Арагоны танцевали серьезно, не танцевали, а медленно и задумчиво ходили, глубоко и нежно глядя друг другу в глаза, но при этом без какой-либо знойной страсти, наоборот - сдержанно, скромно, я бы сказал целомудренно, и необыкновенно изящно, грациозно, с той чуть заметной улыбкой в глазах и на губах, которую называют затаенной.
Мне было тогда двадцать семь лет, Арагону - под сорок, Эльзе Юрьевне около этого. Оба они должны были казаться мне людьми немолодыми. А я сидел, полуоткрыв рот, смотрел на них и - любовался... Не побоюсь громкого слова, другого под рукой нет, - то, что я видел тогда перед собой, была воплощенная в танце любовь.
Когда много лет спустя я прочел где-то или услыхал от кого-то, что после смерти Эльзы Юрьевны Арагон уединился, не показывается на людях, не позволяет снимать себя для кино и телевидения, мне вдруг ярко вспомнилась та давняя новогодняя ночь в одесском ресторане и - в стороне от остальных танцующих - эта бесконечно милая супружеская пара. Ее рука на его плече. Ее глаза улыбаются его глазам.
5
Запомнилась мне эта ночь и еще по одному случаю.
В самый разгар новогоднего бала, когда все уже и так ходило ходуном, у входа в ресторан возникла какая-то паника, раздался женский визг, что-то упало, рассыпалось, зазвенело, и в ту же минуту перестал играть оркестр.

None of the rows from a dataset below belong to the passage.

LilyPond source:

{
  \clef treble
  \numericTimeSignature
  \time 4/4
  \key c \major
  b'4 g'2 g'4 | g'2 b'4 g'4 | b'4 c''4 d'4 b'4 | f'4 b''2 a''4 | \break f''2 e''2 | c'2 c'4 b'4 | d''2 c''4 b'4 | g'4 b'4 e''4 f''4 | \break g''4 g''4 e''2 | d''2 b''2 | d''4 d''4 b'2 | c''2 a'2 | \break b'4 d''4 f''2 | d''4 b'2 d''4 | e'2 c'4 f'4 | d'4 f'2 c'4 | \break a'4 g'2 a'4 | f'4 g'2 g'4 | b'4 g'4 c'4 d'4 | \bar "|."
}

Через ресторанный зал, по-военному четко и прямо, вытянувшись как тамбурмажор, шел - и все в ужасе расступались перед ним - элегантно одетый, в смокинге с белой манишкой и с черной бабочкой галстуки, укротитель львов Борис Эдер, а у ноги его, грациозно, по-боксерски повиливая задом, шла - мне показалось, на поводке, а выяснилось, что просто так, на честном слове, из одной преданности к своему владыке и повелителю, - шла та самая эдеровская львица.

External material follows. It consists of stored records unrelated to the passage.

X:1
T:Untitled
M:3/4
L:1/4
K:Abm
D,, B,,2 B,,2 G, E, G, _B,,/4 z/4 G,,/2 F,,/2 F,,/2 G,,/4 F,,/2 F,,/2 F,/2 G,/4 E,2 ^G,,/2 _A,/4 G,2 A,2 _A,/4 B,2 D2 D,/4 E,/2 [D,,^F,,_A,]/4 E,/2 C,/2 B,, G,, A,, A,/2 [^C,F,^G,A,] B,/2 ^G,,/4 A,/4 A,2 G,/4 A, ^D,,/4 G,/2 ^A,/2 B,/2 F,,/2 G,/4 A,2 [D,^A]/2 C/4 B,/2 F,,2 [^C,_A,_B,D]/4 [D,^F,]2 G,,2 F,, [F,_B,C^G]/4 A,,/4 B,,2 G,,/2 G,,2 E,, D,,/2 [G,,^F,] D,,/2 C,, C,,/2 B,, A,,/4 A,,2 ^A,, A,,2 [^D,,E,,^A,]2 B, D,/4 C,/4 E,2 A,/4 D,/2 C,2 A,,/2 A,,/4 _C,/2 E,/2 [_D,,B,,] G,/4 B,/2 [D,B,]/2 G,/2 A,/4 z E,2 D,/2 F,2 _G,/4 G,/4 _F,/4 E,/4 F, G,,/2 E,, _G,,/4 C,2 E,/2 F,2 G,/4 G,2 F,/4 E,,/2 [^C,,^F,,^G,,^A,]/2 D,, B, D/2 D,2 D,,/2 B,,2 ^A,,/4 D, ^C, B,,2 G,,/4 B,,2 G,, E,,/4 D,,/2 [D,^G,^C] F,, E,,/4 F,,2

Не знаю, зачем укротитель пришел в ресторан. Может быть, у него в номере собрались гости и он спустился вниз прикупить вина или папирос. В те далекие времена в конце ресторанного зала "Лондонской" была арка и в ней небольшое, в четыре-пять ступенек возвышение, некое подобие эстрады. Возможно, в еще более давние времена, в годы, когда в "Лондонской" останавливались Чехов, Куприн, Бунин, это и в самом деле была эстрада и на ее подмостках выступали, отплясывали канкан или кекуок какие-нибудь шантанные дивы. Сейчас же на возвышении помещался буфет, а слева стояла касса "националь", где официанты выбивали чеки на свиные отбивные, салат оливье и прочие еды и пития. За кассой сидела полная белокурая кассирша в белом крахмальном халате.
Что там такое случилось, чем не понравилась или, наоборот, чем приглянулась эта одесская красавица красавице нубийской - не сказал бы, вероятно, и сам Борис Эдер. Может быть, ее внимание привлек белоснежный халат кассирши, может быть, что-то знакомое, цирковое, а то и что-нибудь еще более далекое, детское, африканские возникло в ее памяти при виде сверкающей никелем кассы - не знаю, но только внезапно, на подходе к буфету, львица отделилась от ноги хозяина и быстро пошла в сторону кассы. Кассирша замерла, вскочила, закричала. Быть может, и львица тоже испугалась, она тоже вскочила, сделала стойку и опустила свои тяжелые лапы на плечи помертвевшей от страха одесситки. Подробностей мы, конечно, не видели. Мы только услышали отчаянный женский вопль, а за ним - повелительный, громкий, как выстрел или удар бича, окрик Эдера.
О том, что творилось в эту минуту в ресторане, рассказывать вряд ли нужно.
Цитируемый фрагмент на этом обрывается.